São Paulo, 09 (AE) - A falta de confiança em uma retomada no consumo de carne bovina no varejo no curto prazo está fazendo com que os frigoríficos reduzam suas compras. Por outro lado, a alta do dólar verificada nesta semana fez com que os pecuaristas também começassem a segurar suas ofertas. Segundo José Vicente Ferraz, da FNP Consultoria, os frigoríficos fazem poucas ofertas a R$ 31,00 para descontar o Funrural e R$ 30,00 livre de Funrural por arroba, mas os negócios são raros.
Ferraz acredita que o pecuarista está inseguro para vender boi à medida que não consegue fixar o preço em dólar. Com compras menores que o esperado, o atacado voltou a recuar e o traseiro/dianteiro é negociado hoje a R$ 2,50/R$ 1,50, uma queda de 12,5% desde o início do mês no traseiro e uma retração de quase 19% no dianteiro. Mesmo assim, o varejo não está repassando a queda para os preços de prateleira e os consumidores estão passando longe da carne bovina. Para Ferraz, este fator aliado à queda sazonal de consumo na semana do Carnaval pode levar a maiores quedas de preço tanto no físico como no atacado. Segundo Alcides Torres, da Scot Consultoria, os preços praticados no atacado refletem uma arroba equivalente no físico de R$ 29,85.

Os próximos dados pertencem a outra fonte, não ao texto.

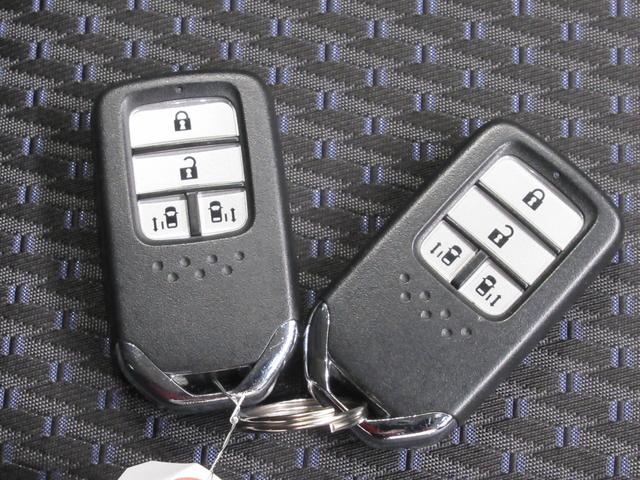 ステップワゴンスパーダスパーダ・クールスピリットシートヒーター　両側パワースライドドア　オートライト　キーフリー　アイドリングストップ　電動格納式ドアミラー　エアコン　パワーステアリング　パワーウィンドウ　運転席エアバッグ　ＡＢＳ（岡山県）の中古車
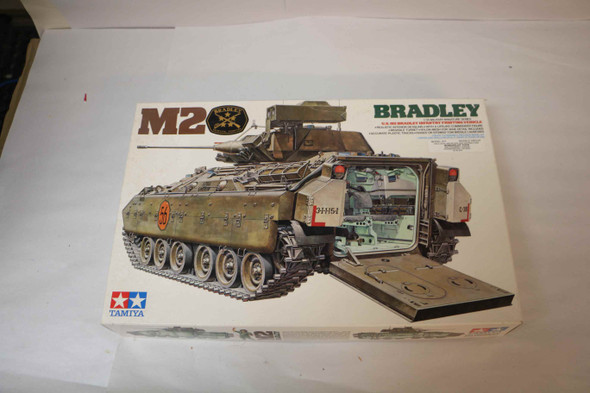 TAM3632 - Tamiya 1/35 M2 Bradley IFV 	PREOWNED119023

Este equivalente chegou a R$ 36 há menos de um mês. Torres acredita que, além da retração do consumo, os frigoríficos também reduziram suas compras porque estão abastecidos e com escalas para até seis dias. Segundo ele, a mesma pressão registrada em São Paulo está sendo sentida em outros Estados. No Paraná, a arroba do boi recua para R$ 27,50, no Mato Grosso do Sul os frigoríficos oferecem R$ 30 mas os pecuaristas querem R$ 31. Na BM&F, os preços voltaram a cair, com outubro aindo não conseguindo quebrar o suporte de US$ 19. Abril, contudo, rompeu o suporte e caiu para abaixo do nível de US$ 16.